En contrepartie, cette structure relègue une immense partie de la population au rang de laïcs du savoir, de simples spectateurs. L’artisan dont les mains possèdent une connaissance ancestrale, la mère au foyer qui développe une expertise humaine incomparable, l’artiste qui perçoit des vérités invisibles au commun des mortels… Toutes ces formes de sagesse sont dévalorisées car elles ne rentrent pas dans les cases de l’intelligence purement cérébrale. Nous passons ainsi à côté de l’essentiel : la sagesse du vécu, la connaissance intuitive, et surtout, l’intelligence de cœur. Cette dernière, qui englobe l’empathie, la compassion et la capacité à créer du lien, est pourtant la seule qui puisse véritablement nous guérir de notre solitude collective.

L’Aube de l’Intelligence du Cœur

Alors, comment prouver que nous sommes marqués par ces siècles de cécité spirituelle ? La preuve ne se trouve pas dans un livre d’histoire, mais au plus profond de nous. Observez simplement vos propres réactions. Ressentez-vous une pointe d’admiration automatique pour un neurochirurgien et un léger malaise pour un éboueur ? Jugez-vous la pertinence d’une opinion en fonction du niveau d’études de celui qui la prononce ? Ce sont là les symptômes de notre conditionnement, les réflexes d’un système de castes intériorisé. Reconnaître cela en nous, sans honte mais avec une douce lucidité, est le tout premier pas vers la guérison. C’est l’acte courageux qui consiste à allumer une bougie dans l’obscurité de nos propres préjugés.

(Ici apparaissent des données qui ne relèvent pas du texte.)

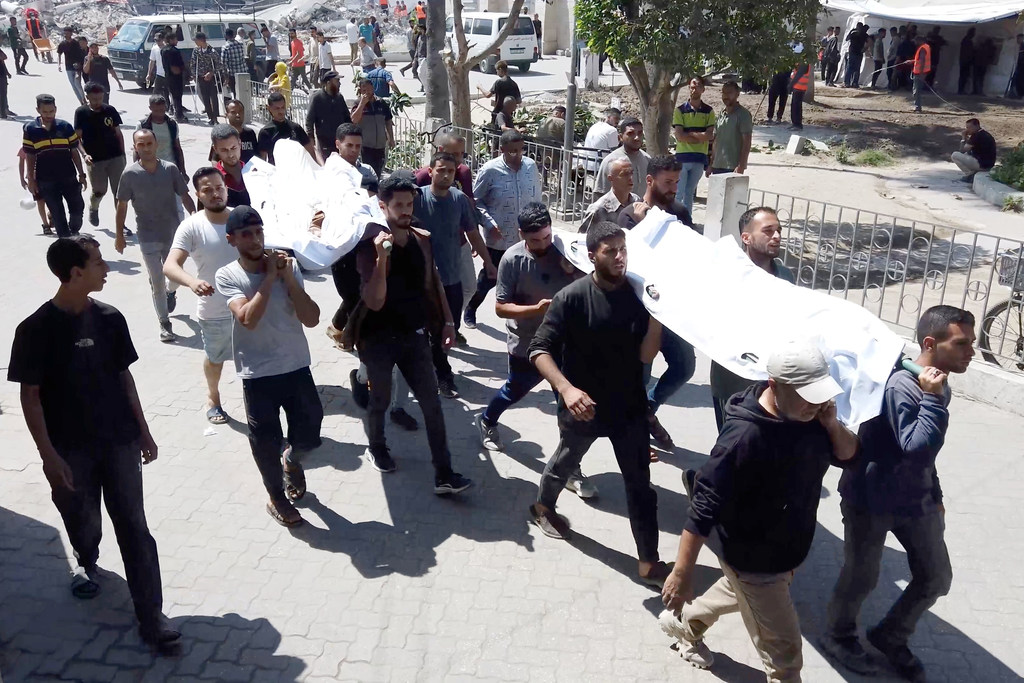 Palestinians inside Gaza's Ahli Hospital carrying the bodies of relatives killed in Israeli airstrikes.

C’est précisément ici que la transformation commence. Comme le dit une profonde sagesse : “Les systèmes de castes ne meurent pas d’eux-mêmes. Ils doivent être transformés par la vérité, l’amour, et une volonté collective de justice. Et cela commence par chacun de nous.” Cette transformation nous appelle à un changement radical de perspective. Il s’agit de faire consciemment l’effort de chercher la valeur en chaque être humain, indépendamment de son statut ou de ses accomplissements. Cela signifie écouter avec la même attention la parole d’un non-savant et celle d’un érudit. En définitive, il s’agit de réhabiliter et de célébrer l’intelligence de cœur comme la plus haute des compétences humaines. C’est en choisissant l’empathie plutôt que le jugement, la connexion plutôt que la compétition, que nous commencerons, un à un, à démanteler les murs de cette prison invisible et à retrouver le chemin vers notre humanité partagée.